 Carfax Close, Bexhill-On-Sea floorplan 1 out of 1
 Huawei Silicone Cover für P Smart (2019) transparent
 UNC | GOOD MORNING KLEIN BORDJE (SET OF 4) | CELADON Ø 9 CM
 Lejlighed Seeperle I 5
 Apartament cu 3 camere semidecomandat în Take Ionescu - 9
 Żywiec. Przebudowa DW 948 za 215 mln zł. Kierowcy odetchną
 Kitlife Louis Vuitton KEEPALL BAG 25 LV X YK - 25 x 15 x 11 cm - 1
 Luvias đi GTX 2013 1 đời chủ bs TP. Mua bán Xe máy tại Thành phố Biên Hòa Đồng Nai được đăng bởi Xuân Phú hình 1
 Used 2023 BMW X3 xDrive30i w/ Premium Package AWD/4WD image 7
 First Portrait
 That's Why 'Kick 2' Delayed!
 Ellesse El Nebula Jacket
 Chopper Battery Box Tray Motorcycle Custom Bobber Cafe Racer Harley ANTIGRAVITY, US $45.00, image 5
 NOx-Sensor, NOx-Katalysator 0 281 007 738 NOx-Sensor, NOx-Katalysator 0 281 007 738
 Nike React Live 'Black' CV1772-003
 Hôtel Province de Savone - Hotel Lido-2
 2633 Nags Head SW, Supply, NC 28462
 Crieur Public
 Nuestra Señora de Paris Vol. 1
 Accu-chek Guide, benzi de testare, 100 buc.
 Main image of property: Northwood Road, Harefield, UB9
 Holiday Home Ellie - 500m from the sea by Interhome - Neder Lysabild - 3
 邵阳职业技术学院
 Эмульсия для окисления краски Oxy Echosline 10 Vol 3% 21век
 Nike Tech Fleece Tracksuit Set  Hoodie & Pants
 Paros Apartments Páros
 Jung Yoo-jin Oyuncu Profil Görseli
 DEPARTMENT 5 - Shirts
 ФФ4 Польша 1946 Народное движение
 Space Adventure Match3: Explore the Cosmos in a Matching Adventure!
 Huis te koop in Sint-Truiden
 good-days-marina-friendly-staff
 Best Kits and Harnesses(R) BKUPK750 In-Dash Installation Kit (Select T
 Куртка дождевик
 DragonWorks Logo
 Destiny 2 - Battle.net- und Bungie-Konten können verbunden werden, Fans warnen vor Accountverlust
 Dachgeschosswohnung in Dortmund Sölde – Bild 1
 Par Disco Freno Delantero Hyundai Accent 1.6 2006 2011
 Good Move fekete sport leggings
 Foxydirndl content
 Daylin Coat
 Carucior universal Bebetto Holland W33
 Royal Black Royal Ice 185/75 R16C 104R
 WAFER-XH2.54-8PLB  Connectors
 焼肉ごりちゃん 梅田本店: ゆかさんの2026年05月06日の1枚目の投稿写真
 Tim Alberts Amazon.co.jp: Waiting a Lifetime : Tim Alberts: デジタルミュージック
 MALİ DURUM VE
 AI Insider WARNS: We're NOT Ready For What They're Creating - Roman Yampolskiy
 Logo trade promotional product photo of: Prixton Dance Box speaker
-=-=-=-=-
— WHAT IS BEING ASKED —
Once you find the line with "Nike React Live 'Black' CV1772-003" above, print it and every line after it up to and including the line with "Main image of", exactly as written and nothing else.

— EXERCISE SOLUTION —
 Nike React Live 'Black' CV1772-003
 Hôtel Province de Savone - Hotel Lido-2
 2633 Nags Head SW, Supply, NC 28462
 Crieur Public
 Nuestra Señora de Paris Vol. 1
 Accu-chek Guide, benzi de testare, 100 buc.
 Main image of property: Northwood Road, Harefield, UB9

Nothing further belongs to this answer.